Arrêtons-nous ici et marchons jusqu’à l’église. Elle n’est pas loin. On la voit tout de suite en arrivant. Blanche, avec son toit en partie baroque, entourée d’un petit cimetière et de quelques arbres, elle s’élève sur sa péninsule. En plus de 800 ans, évidemment, Saint-Pierre de Bosau a vécu des changements, mais cette église romane fait toujours et encore partie des églises du style Vicelin.



Parmi les trésors de cette église à nef unique et à tour carrée (elle était ronde à l’origine), j’aimerais vous présenter un objet qui date de la fin du Moyen-Age et qui m’a intriguée. Il s’agit d’une grande croix triomphale très colorée (Triumphkreuz).

Cette croix a été sculptée vers 1470 dans l’atelier de Bernt Notke qui était un peintre et un sculpteur très connu dans le nord de l’Allemagne.



Concentrez-vous sur deux éléments intéressants. L’un d’eux n’est pas rare, on le trouve assez souvent sur les croix de cette époque. Il s’agit des trente-deux feuilles stylisées qui semblent sortir de la croix en bois. Ces excroissances carrées symbolisent la victoire de la vie sur la mort car le bois de la croix reprend vie. L’autre, par contre, est peu commun. Le Christ qui est fixé sur la croix saigne. Il souffre aussi. Somme toute, ce genre de représentation est typique du Moyen-Age, mais dans le cas présent, il saigne tellement que de gros jets de sang sortent de ses plaies ouvertes. Ce sang est recueilli par des anges qui volent autour du crucifié.


Après avoir visité Bosau, vous pouvez retourner au débarcadère et prendre le prochain bateau qui va en direction de l’Île des Princes et de Plön. Mais vous pouvez aussi repartir vers Fegetasche à pied en suivant le Mönchsweg.

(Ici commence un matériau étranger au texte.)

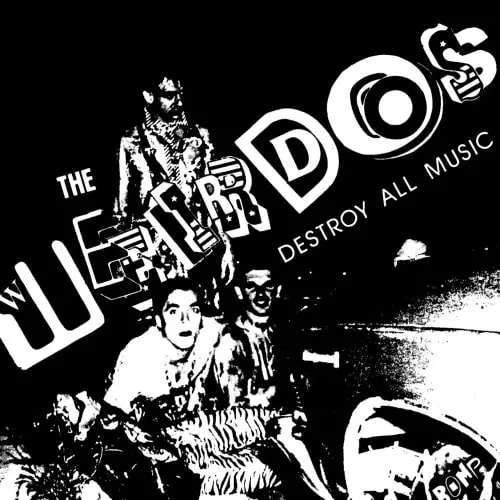 WEIRDOS / ウィアードズ / DESTROY ALL MUSIC (レコード)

Le « chemin du moine » est un sentier de randonnée qui permet de découvrir la région au rythme de ses pas. Au sortir de Bosau, un petit parcours de 1,5 kilomètres (un Naturlehrpfad) présente la faune et la flore d’un ancien Warder qui s’est transformé en péninsule avec le temps. A vous de voir si vous voulez marcher un peu plus. En tout cas, la balade dans ce biotope humide est jolie.

Voici quelques impressions de ce qui vous attend pendant cette randonnée : de beaux panoramas sur le Grand lac de Plön et sur le Vierersee, un des lacs qui se trouvent juste à côté. Voici d’ailleurs deux vues fort sympathiques sur ce petit lac :

En chemin, il y a beaucoup de nature à la clé — des points de vue sur les lacs, des prés, des champs et des bois — sur environ 8 kilomètres.

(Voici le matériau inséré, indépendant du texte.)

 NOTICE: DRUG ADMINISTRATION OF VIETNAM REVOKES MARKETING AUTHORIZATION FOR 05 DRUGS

Vous pouvez faire différents tours en bateau sur le Grand lac de Plön :

Dans cet article, vous trouverez un topo de la croisière appelée « Großer Plöner See-Rundfahrt » qui mène à l’Île des Princes.

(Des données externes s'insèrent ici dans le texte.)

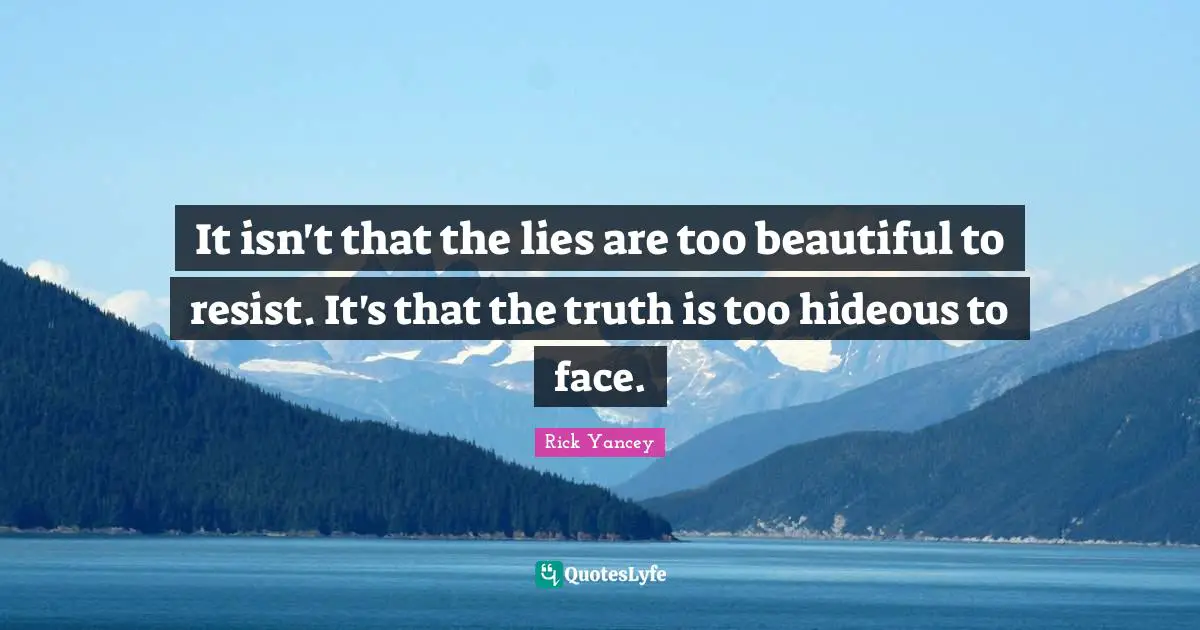It isn't that the lies are too beautiful to resist. It's that the truth is too hideous to face.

En soi, les tours durent d’une heure et demie à deux heures mais vous pouvez interrompre votre croisière et reprendre un bateau ultérieurement. Dans le cas de Bosau, il y a deux avantages :

  1. Vous pouvez prendre un vélo contre un supplément de 2 € (2023).
  2. Vous pouvez faire seulement une partie du tour et rejoindre le point de départ à pied comme je l’ai fait. Alors, évidemment, vous payez moins.

Mon conseil si vous venez en voiture — Commencez votre tour au débarcadère de Fegetasche. Cet endroit a l’avantage d’avoir un assez grand parking (payant), une plage et de la gastronomie.


Fegetasche

Attention ! Vous ne pouvez pas réserver votre place. Allez sur le ponton, attendez que le bateau accoste et montez. Prévoyez aussi de l’argent liquide car vous allez payer directement chez l’employé (surtout, admirez sa belle machine à sous — qui sait combien de temps elle existera encore). Il y a des places à l’intérieur et à l’extérieur. Le tour est guidé. Dans mon cas, c’était le conducteur qui parlait en live.